Absent from U.K. pressings of the band's debut album, "Virginia Plain" was added to the American version and also to early CD reissues on both sides of the Atlantic. It has since disappeared again, but is readily available on a slew of Roxy compilations. As a single, it has charted twice in the U.K., making number four in 1972 and number 11 in 1978. - Dave Thompson
Kari-Ann
Kari-Ann Muller was the cover girl to Roxy Music's first album. She came to London from Cornwall aged 18, and her career was pretty much at its peak when her agent set her up with the Roxy Music shoot. She was the original "Roxy Girl"
From Q Magazine :-
"Bryan saw me doing a fashion show and decided he wanted to use me," recalls Kari Ann Muller, the glamourpuss starlette of Roxy Music's debut album cover. She knew Antony Price, Roxy's designer, and Karl Stoecker, who was taking the photo, "and I thought it would be fun. I got a meagre ?20, as Roxy were unknown at the time, and had no money. Ironic, isn't it, that it would be voted the best record cover of the decade? It always seems to be flashing up on TV for some reason. But it was great watching them being turned from boys next door into superstars."
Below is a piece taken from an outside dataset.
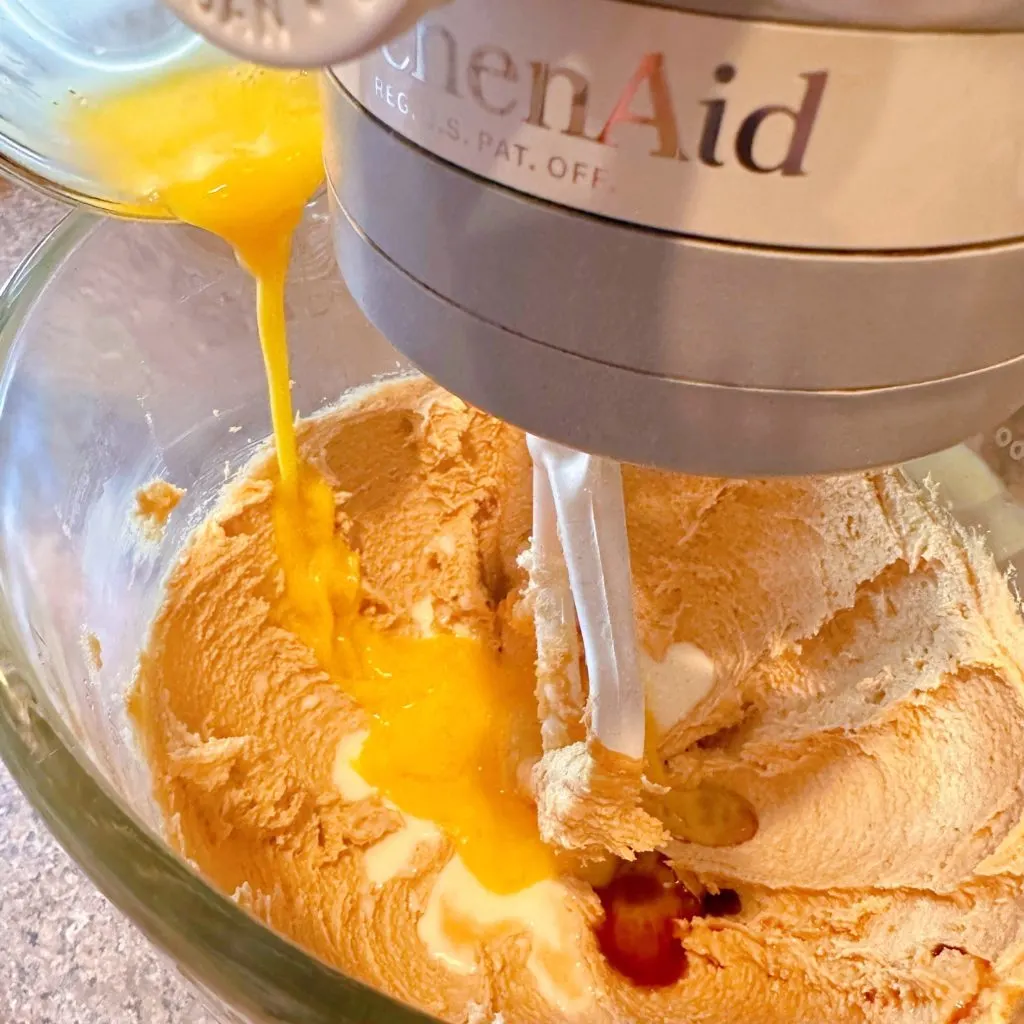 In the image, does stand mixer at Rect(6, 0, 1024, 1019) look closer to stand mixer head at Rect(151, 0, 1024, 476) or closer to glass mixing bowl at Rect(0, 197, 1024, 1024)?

She loved the album, "especially lyrics like "I would put roses round your door", that kind of stuff, it was so beautiful. I really liked them a lot."
Muller admits the assignment had no drastic effect on her career. She landed parts in the Joan Collins trashflick The Bitch and George Lazenby's only Bond film, On Her Majesty's Secret Service, before giving birth to two boys. She later worked at the Black Theatre Of Brixton where she met Chris "Brother Of Mick" Jagger, now her second husband. She carried on fashion modelling, had two more boys and juggled full-time motherhood with kindergarden teaching and studying yoga.
As for modelling, "I was with the Deja' Vu agency for the glamorous over-forties, but unfortunately that kind of work hasn't caught on." She admits she hasn't looked at the Roxy sleeve for a while, but the memory makes her smile.
The image itself, she explains, was created by herself and Price: "He did the hair and dress and I just got out there and did what I felt. How would I describe it? It was very glamorous, very sexy, or at least I felt that way. "It was very ... ice-creamy, in a way. The colours remind me of a marshmallow, like something really delicious. Fleshy, in a word" Someone to be eaten? "No! I felt like I could eat somebody up myself. I felt strong enough to take someone on."
Kari-Ann eventually gave up modelling and her short-lived acting career. She now lives in Highgate, teaching yoga, with her five sons and her husband of 20 years, who is, Chris Jagger, brother of Mick.